=== YOUR ASSIGNMENT ===
Exactly the lines from the start of the data through the line containing "Farbenfrohes Ferienhaus Wohnraum" should be output, with both ends kept and nothing added.

[Data records]
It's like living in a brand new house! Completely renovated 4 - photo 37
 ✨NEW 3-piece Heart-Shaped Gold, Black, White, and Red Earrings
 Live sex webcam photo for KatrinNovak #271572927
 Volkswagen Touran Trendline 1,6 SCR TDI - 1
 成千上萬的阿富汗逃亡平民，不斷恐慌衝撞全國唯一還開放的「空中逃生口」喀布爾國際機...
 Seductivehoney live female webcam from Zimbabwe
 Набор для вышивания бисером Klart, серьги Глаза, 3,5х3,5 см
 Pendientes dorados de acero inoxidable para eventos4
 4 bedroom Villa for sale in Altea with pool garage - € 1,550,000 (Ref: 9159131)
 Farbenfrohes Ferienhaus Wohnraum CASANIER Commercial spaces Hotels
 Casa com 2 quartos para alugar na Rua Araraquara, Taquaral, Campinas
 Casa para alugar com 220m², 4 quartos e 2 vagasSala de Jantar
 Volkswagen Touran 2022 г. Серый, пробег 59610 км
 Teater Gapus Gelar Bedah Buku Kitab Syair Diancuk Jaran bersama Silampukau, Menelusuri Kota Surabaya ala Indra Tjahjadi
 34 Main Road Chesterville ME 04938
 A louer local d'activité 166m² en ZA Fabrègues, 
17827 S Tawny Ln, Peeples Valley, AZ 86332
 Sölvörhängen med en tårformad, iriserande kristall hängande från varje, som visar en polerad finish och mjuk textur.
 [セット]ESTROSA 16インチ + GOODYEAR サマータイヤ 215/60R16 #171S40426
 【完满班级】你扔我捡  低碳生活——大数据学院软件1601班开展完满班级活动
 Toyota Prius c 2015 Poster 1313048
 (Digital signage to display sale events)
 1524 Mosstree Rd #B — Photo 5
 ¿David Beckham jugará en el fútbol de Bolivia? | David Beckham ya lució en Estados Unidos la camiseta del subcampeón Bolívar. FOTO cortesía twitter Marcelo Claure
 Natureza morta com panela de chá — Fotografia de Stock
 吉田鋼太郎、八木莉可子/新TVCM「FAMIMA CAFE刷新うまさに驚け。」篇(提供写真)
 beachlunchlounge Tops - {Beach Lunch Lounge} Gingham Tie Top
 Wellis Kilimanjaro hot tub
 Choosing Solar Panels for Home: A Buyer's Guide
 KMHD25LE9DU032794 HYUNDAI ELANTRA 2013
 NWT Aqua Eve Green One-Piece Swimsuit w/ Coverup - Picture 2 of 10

=== TASK RESULT ===
It's like living in a brand new house! Completely renovated 4 - photo 37
 ✨NEW 3-piece Heart-Shaped Gold, Black, White, and Red Earrings
 Live sex webcam photo for KatrinNovak #271572927
 Volkswagen Touran Trendline 1,6 SCR TDI - 1
 成千上萬的阿富汗逃亡平民，不斷恐慌衝撞全國唯一還開放的「空中逃生口」喀布爾國際機...
 Seductivehoney live female webcam from Zimbabwe
 Набор для вышивания бисером Klart, серьги Глаза, 3,5х3,5 см
 Pendientes dorados de acero inoxidable para eventos4
 4 bedroom Villa for sale in Altea with pool garage - € 1,550,000 (Ref: 9159131)
 Farbenfrohes Ferienhaus Wohnraum CASANIER Commercial spaces Hotels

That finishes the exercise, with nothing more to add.